热效应对胶浸纸套管绝缘性能的影响及温度反演方法

Influence of Thermal Effect on Insulation Performance of Resin Impregnated Paper Bushing and Temperature Inversion Method

为研究热效应对胶浸纸(resin impregnated paper,RIP)套管绝缘特性的影响,首先搭建串联RIP套管模型温升试验平台,进行不同载流条件下RIP套管模型的频域介电谱(frequency domain spectroscopy,FDS)测试和内部温度测量,然后建立扩展德拜模型研究热效应对RIP套管模型绝缘性能的影响,最后针对套管内部温度检测的难题,提出一种基于“介质损耗”的套管内部温度反演方法。结果表明:套管模型承载的电流最终体现为内部温度的变化;复电容实部C′(ω)和虚部C″(ω)在低频段(5 mHz~5 Hz)随载流量的增加而显著增大;扩展德拜模型参数对RIP绝缘内部温度变化较为敏感,根据“介质损耗”在不同频段的表现形式,提取介质损耗面积Sp和介质损耗斜率Kp作为反演RIP套管最高温度的特征参量,该特征参量与最高温度均存在拟合优度较高的二次函数关系,据此可实现RIP套管最高温度的间接测量。该方法为检测套管内部温度提供了一条新思路。

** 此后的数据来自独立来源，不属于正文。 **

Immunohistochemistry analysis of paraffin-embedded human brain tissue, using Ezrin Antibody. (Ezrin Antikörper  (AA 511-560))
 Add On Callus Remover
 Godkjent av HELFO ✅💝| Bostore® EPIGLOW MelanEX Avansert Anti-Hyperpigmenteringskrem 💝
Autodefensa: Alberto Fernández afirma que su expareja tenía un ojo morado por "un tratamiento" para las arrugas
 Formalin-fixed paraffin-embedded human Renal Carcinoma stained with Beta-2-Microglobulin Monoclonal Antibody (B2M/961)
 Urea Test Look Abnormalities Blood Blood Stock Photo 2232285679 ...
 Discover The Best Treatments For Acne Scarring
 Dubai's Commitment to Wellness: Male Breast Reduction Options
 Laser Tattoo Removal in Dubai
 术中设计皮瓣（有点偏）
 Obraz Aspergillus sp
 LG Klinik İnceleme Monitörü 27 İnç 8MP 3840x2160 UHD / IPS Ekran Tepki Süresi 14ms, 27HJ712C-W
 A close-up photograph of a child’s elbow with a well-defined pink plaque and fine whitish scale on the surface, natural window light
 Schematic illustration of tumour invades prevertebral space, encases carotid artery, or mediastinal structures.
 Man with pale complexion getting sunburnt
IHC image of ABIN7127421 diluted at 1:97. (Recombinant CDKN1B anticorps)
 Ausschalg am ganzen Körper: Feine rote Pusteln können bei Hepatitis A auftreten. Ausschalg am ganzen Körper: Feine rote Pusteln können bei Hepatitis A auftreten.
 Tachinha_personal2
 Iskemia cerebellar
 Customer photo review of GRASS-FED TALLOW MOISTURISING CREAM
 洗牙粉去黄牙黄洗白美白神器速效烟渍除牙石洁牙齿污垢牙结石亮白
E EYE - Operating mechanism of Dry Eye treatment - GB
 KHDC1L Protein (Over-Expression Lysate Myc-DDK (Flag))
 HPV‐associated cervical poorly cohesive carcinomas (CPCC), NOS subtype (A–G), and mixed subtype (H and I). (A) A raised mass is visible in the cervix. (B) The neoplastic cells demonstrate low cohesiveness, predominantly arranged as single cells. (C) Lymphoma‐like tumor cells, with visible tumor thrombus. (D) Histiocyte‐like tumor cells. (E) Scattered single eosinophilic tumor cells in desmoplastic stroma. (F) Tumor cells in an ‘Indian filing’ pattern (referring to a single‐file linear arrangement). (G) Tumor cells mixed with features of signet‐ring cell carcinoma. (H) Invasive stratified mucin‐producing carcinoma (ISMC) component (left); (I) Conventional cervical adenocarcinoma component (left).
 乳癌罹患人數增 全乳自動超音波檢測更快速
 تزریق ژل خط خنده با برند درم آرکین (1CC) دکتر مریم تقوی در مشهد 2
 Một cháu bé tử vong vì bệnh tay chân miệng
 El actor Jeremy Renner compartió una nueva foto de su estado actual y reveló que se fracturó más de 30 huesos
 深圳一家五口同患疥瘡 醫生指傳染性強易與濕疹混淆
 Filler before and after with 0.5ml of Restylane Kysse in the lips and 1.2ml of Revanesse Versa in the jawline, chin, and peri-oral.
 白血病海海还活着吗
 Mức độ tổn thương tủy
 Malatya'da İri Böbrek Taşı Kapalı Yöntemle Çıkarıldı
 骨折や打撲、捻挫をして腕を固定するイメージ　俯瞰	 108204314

In order to study the influence of thermal effect on the insulation characteristics of resin impregnated paper(RIP)bushing,firstly,a series RIP bushing model temperature rise test platform is built to test the frequency domain spectroscopy(FDS)and internal temperature of RIP bushing model under different current carrying conditions.Then,the extended Debye model is established to study the influence of thermal effect on the insulation performance of RIP bushing mode.Finally,for the problem of bushing internal temperature detection,a bushing internal temperature inversion method is proposed based on dielectric loss.The results show that the current carried by the bushing model is ultimately reflected in the change of internal temperature;The real part C′(ω)and the imaginary part C″(ω)of the complex capacitor increase significantly in the low frequency band(5 mHz~5 Hz)with the increase of current;The parameters of the extended Debye model are sensitive to the internal temperature change of the RIP insulation;According to the manifestation of"dielectric loss"in different frequency bands,the characteristic parameters dielectric loss area Sp and dielectric loss slope Kp are extracted to estimate the maximum temperature of the RIP bushing.The characteristic parameters and the maximum temperature have a quadratic function relationship with a high degree of goodness of fit.Based on the above relationship,the indirect measurement of the maximum temperature of RIP bushing can be realized.This method provides a new idea for detecting the internal temperature of the bushing.